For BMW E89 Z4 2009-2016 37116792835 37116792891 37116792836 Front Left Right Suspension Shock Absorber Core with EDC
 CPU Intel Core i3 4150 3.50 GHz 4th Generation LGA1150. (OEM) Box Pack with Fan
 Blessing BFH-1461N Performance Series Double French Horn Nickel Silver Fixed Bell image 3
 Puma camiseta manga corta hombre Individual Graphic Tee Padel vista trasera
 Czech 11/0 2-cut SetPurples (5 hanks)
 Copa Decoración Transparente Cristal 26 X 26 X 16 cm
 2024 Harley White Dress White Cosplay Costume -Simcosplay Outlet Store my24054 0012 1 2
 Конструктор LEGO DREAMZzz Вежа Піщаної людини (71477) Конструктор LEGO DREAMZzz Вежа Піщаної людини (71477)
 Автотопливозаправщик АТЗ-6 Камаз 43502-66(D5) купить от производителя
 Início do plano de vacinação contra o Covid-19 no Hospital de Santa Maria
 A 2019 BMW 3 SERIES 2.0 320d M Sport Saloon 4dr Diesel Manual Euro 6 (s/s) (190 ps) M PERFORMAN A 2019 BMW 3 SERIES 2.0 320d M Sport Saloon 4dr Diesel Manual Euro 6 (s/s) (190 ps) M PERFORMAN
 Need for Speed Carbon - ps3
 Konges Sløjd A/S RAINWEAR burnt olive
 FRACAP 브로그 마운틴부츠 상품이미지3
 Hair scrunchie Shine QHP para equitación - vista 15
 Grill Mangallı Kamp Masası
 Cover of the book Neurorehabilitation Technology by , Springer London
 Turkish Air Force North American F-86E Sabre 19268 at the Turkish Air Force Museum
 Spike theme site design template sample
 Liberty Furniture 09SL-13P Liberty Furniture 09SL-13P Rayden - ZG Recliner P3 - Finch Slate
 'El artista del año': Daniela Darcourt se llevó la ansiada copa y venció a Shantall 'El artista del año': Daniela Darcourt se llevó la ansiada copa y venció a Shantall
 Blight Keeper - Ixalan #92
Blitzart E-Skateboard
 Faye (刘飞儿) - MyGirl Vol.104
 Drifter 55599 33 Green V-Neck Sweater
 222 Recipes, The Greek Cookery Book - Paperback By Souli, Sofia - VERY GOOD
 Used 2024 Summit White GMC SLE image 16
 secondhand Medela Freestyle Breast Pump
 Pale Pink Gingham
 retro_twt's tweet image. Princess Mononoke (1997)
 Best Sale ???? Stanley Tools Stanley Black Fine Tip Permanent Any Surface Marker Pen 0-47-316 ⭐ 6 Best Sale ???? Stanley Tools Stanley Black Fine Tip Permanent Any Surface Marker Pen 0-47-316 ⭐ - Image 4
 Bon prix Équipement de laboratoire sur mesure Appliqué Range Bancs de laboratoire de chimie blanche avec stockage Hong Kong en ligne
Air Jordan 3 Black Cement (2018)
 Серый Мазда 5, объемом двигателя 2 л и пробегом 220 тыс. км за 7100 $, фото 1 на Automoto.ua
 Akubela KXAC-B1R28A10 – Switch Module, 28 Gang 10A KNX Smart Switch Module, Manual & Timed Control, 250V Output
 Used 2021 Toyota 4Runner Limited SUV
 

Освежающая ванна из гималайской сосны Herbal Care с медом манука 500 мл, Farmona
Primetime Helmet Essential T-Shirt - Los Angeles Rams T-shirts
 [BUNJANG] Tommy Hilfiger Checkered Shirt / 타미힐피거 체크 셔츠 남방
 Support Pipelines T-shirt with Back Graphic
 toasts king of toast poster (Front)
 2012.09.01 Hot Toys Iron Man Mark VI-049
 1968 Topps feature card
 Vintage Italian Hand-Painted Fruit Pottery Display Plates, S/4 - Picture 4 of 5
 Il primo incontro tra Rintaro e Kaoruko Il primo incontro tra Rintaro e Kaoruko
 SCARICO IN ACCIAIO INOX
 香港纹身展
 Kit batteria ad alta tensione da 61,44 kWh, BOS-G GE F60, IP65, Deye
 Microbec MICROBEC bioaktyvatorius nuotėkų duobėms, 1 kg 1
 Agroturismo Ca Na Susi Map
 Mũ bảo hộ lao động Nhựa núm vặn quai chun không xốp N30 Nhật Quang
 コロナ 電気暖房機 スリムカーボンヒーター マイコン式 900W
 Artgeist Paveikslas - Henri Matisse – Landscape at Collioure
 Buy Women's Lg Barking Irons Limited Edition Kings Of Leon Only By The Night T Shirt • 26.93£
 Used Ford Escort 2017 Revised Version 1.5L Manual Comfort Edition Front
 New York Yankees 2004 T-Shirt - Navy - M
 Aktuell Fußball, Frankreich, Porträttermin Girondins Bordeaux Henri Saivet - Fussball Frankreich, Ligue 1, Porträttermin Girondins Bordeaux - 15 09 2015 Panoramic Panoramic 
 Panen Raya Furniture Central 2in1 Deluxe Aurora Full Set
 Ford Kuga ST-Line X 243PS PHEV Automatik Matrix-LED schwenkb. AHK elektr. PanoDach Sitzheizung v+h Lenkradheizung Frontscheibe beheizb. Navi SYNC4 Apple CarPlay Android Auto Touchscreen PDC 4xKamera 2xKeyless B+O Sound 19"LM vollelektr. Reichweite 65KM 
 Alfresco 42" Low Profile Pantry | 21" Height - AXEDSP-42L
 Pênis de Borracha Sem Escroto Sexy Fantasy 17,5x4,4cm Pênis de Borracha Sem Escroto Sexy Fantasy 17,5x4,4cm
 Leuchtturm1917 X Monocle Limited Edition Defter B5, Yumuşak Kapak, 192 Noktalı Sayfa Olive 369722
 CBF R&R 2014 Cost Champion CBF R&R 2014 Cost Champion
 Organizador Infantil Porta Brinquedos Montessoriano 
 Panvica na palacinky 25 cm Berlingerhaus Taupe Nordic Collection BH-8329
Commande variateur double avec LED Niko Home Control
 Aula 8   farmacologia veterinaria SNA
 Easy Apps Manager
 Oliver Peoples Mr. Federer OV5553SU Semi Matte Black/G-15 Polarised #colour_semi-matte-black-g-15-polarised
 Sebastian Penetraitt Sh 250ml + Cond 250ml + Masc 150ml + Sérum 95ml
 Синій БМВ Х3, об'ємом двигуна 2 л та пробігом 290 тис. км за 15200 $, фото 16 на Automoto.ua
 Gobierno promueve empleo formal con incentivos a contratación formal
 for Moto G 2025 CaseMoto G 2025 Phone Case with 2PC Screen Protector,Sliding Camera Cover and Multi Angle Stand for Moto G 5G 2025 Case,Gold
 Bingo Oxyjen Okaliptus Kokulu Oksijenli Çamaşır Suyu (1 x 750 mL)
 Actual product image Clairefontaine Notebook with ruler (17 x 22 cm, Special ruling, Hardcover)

### TASK TO CARRY OUT
From the records above, pick out and copy each line holding the word "Graphic".

### TASK RESULT
 Puma camiseta manga corta hombre Individual Graphic Tee Padel vista trasera
 Support Pipelines T-shirt with Back Graphic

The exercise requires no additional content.